### Your assignment:
Reproduce all the entries exactly and keep the pictures out.

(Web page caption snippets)
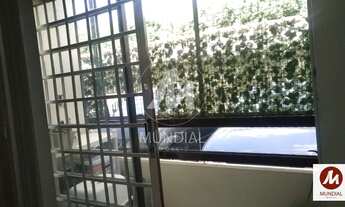 Imagem 4: Apartamento (tipo - padrao) 2 dormitórios/suite, cozinha planejada, em condomínio fechado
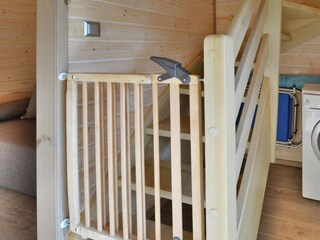 Ferienhaus Ustronie Morskie Ausstattung 20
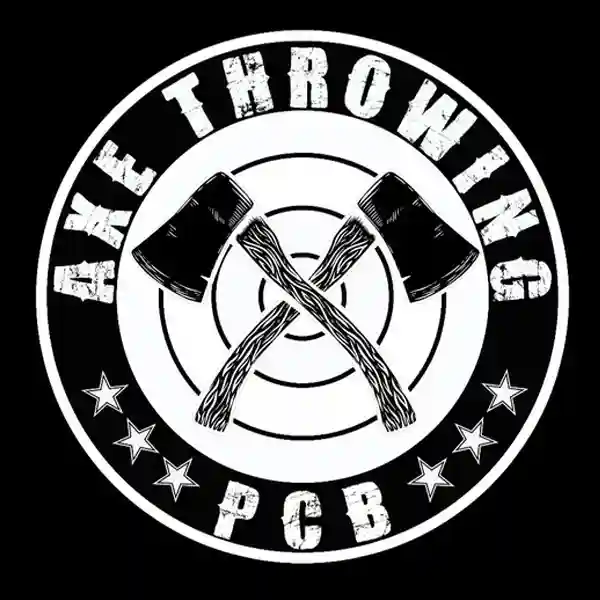 Axe Throwing PCB in Panama City Beach, Florida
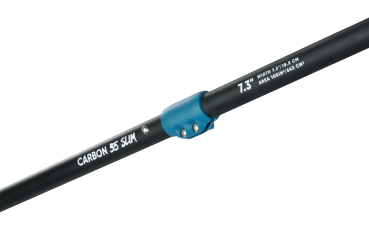 Produktbild Fanatic Paddel Carbon 35 Slim Ansicht Schaft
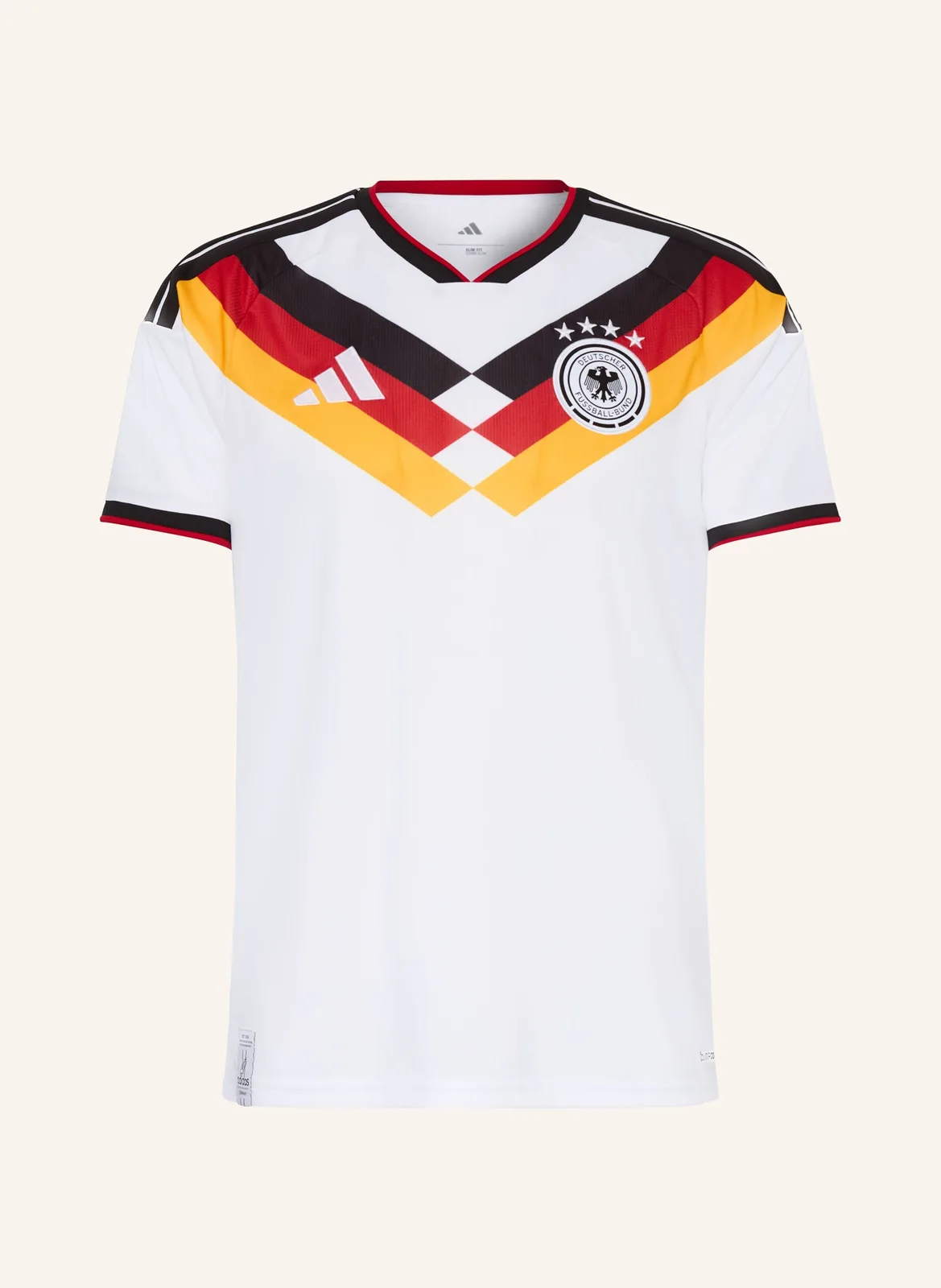 Duitsland shirt kopen: thuisshirt, uitshirt en derde shirt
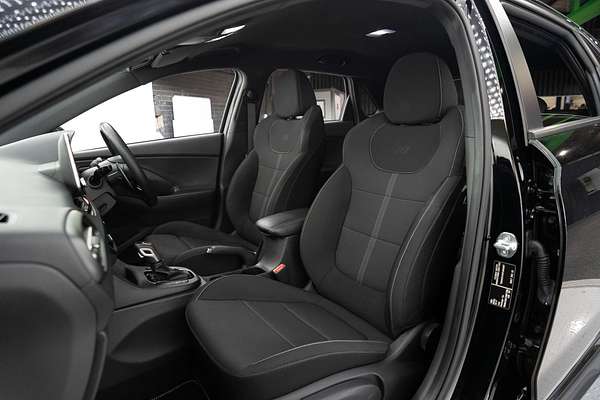 2024 Hyundai i30 N PDe.V5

### Response area:
 Imagem 4: Apartamento (tipo - padrao) 2 dormitórios/suite, cozinha planejada, em condomínio fechado
 Ferienhaus Ustronie Morskie Ausstattung 20
 Axe Throwing PCB in Panama City Beach, Florida
 Produktbild Fanatic Paddel Carbon 35 Slim Ansicht Schaft
 Duitsland shirt kopen: thuisshirt, uitshirt en derde shirt
 2024 Hyundai i30 N PDe.V5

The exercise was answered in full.